= Geoff Lester =

Australian physician

Geoff Lester is an Australian physician, researcher, patient advocate and health economist. Lester's is an ambassador for the National Heart Foundation of Australia.. He has been featured in national media for his advocacy role in cardiovascular health, internal medicine, perioperative care, and patient advocacy, particularly in aortic disease awareness and premature cardiovascular disease.

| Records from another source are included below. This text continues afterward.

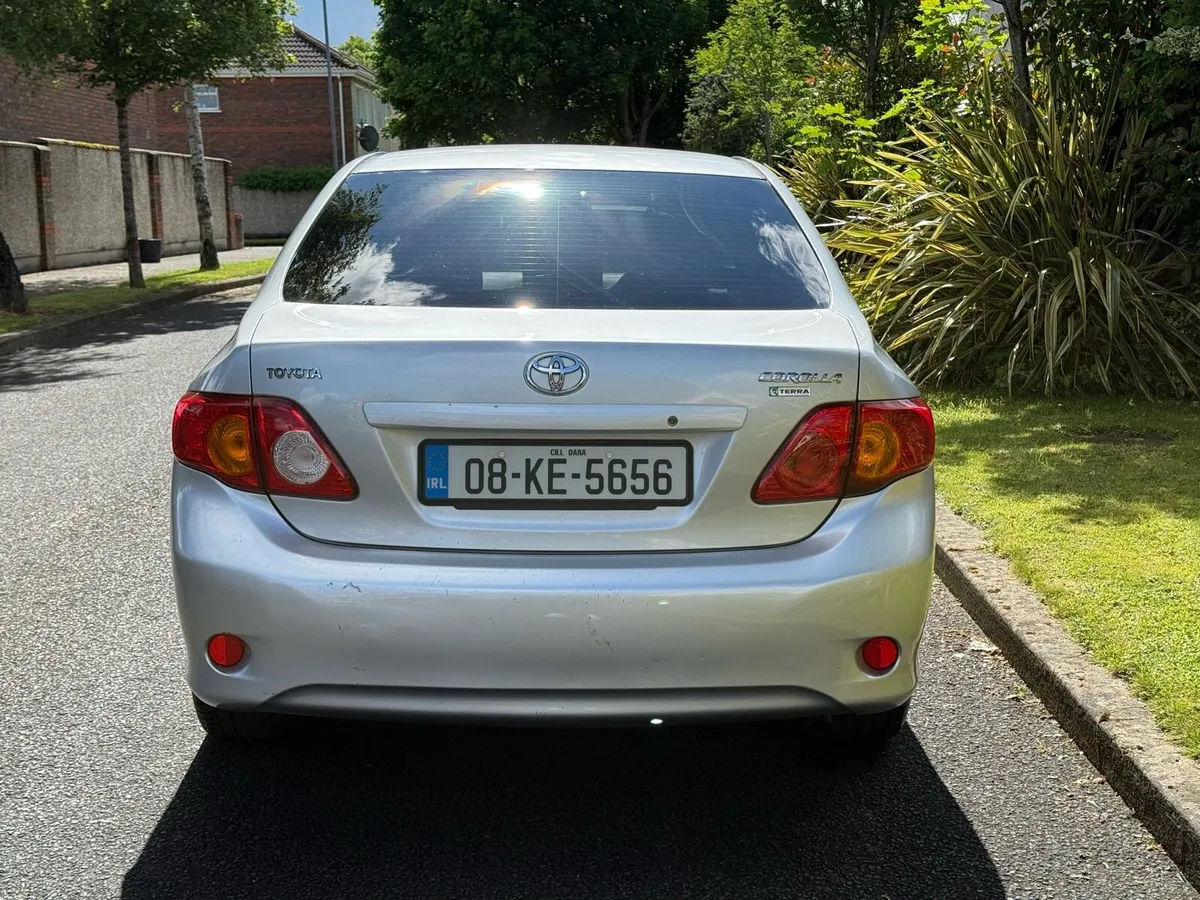2008 Toyota Corolla New NCT 04/26 164kms - Image 4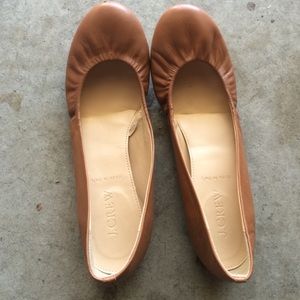 J. crew ballet flats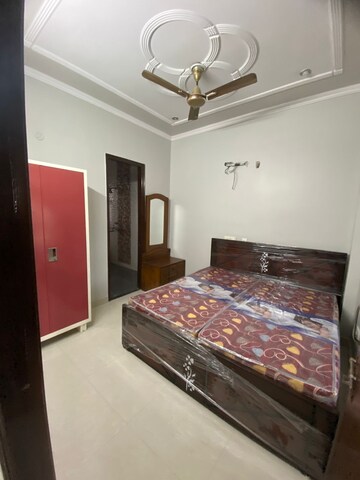 Bedroom in 2 BHK Builder Floor at RWA Residential Society Sector 46, Sector 46 – for Rent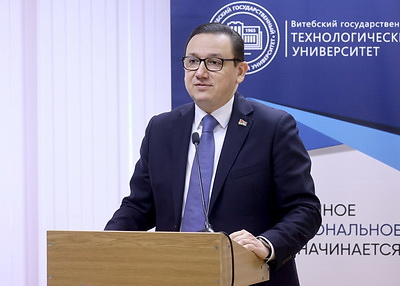 Перцов - студентам ВГТУ: непростой период нам помогут пройти только единение и сплоченность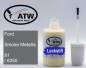 Preview: Ford, Smoke Metallic, 91 / 6350: 20ml Lackstift, von ATW Autoteile West.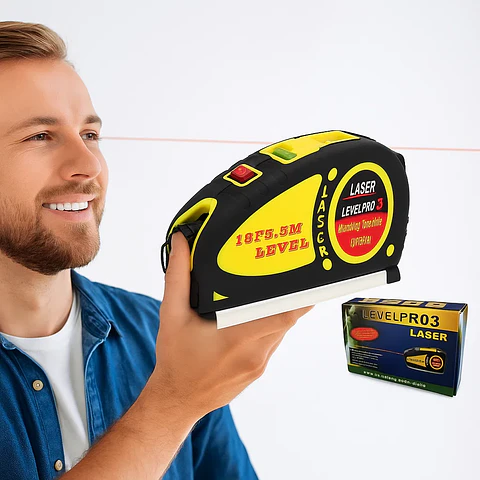 Nivelador Láser MultiFunción PRO 5.5M™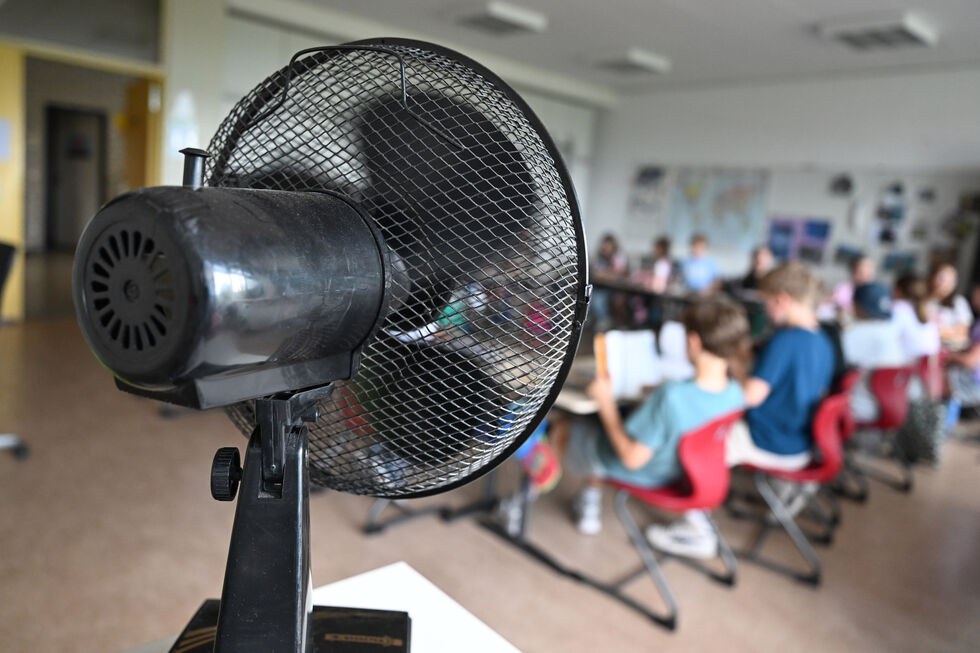 Venda de ventoinhas aumentou 134% em Portugal face a 2025 devido ao calor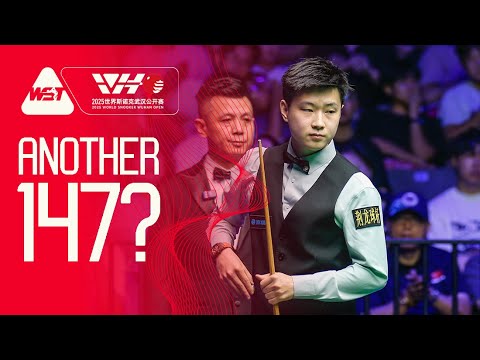 TWO 147s In One Day!? 😯 Zhao Looks To Join Xiao Until… | Wuhan Open 2025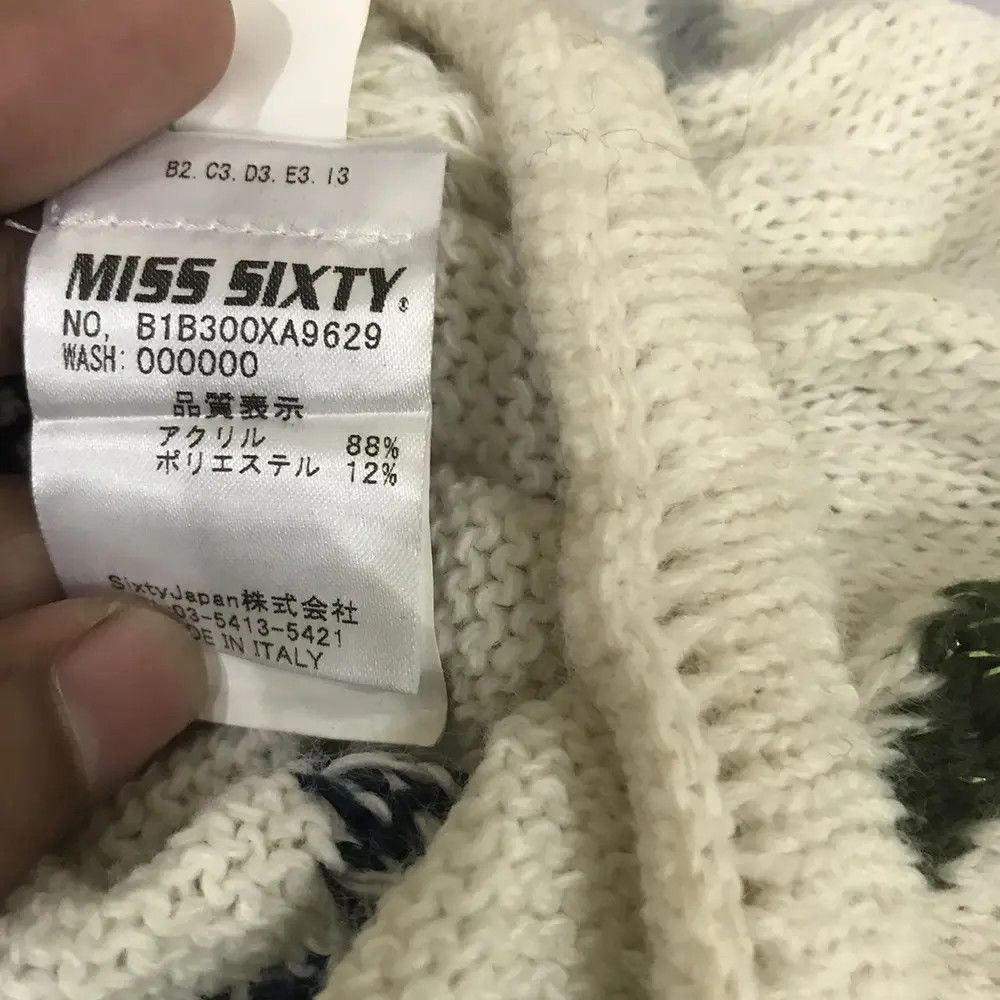 Sixty Miss Sixty Knit Beanie Hat Size ONE SIZE - 5 Thumbnail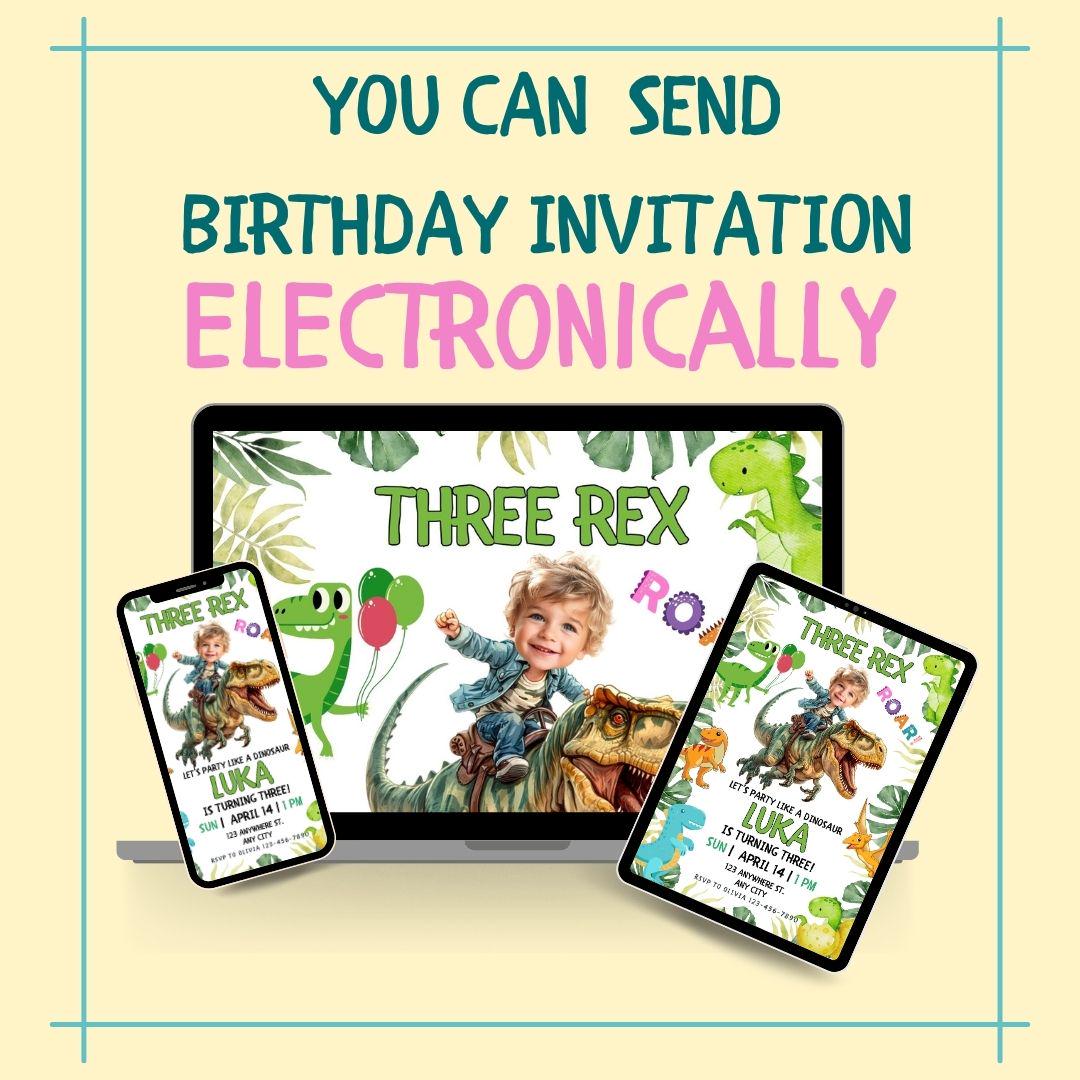 Custom Face Invite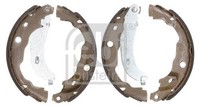 Bremsbackensatz Hinterachse FüR Renault Dacia Mitsubishi Nissan Clio V Captur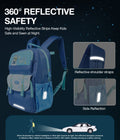 kids waterproof school bags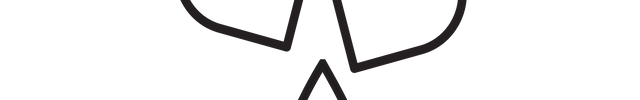 Das Logo von einer Kapsel, die durch die Hälfte geteilt ist. Es fällt ein Tropfen aus der  Mitte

== Early life and education ==
Lester grew up in rural South Australia before travelling to London and returning to Australia to study economics. He then studied medicine following his first of four aortic dissections that required emergency surgery. He completed his basic physician training at Royal Prince Alfred Hospital, Sydney and Alfred Hospital, Melbourne, undertaking training in cardiology, internal medicine, perioperative medicine, and vascular medicine. He holds a Master of Public Health and a Master of Philosophy, with a thesis focused on the epidemiology, mortality, and economic burden of thoracic aortic disease.

== Career ==
Lester practises as a consultant vascular and perioperative physician in Victoria, Australia. His special interest is aortic disease. He is a senior lecturer at Monash University where he studies the economic modelling of perioperative medicine services.

Advocacy and public engagement

In 2024, he became the first Australian to lead the 'THINK Aorta' campaign across Asia–Pacific. In 2025 he was appointed to the board of Heart4Heart, an Australian patient-led charity.

== Personal life ==
Lester is married with one child. His brother has also had prophylactic aortic surgery.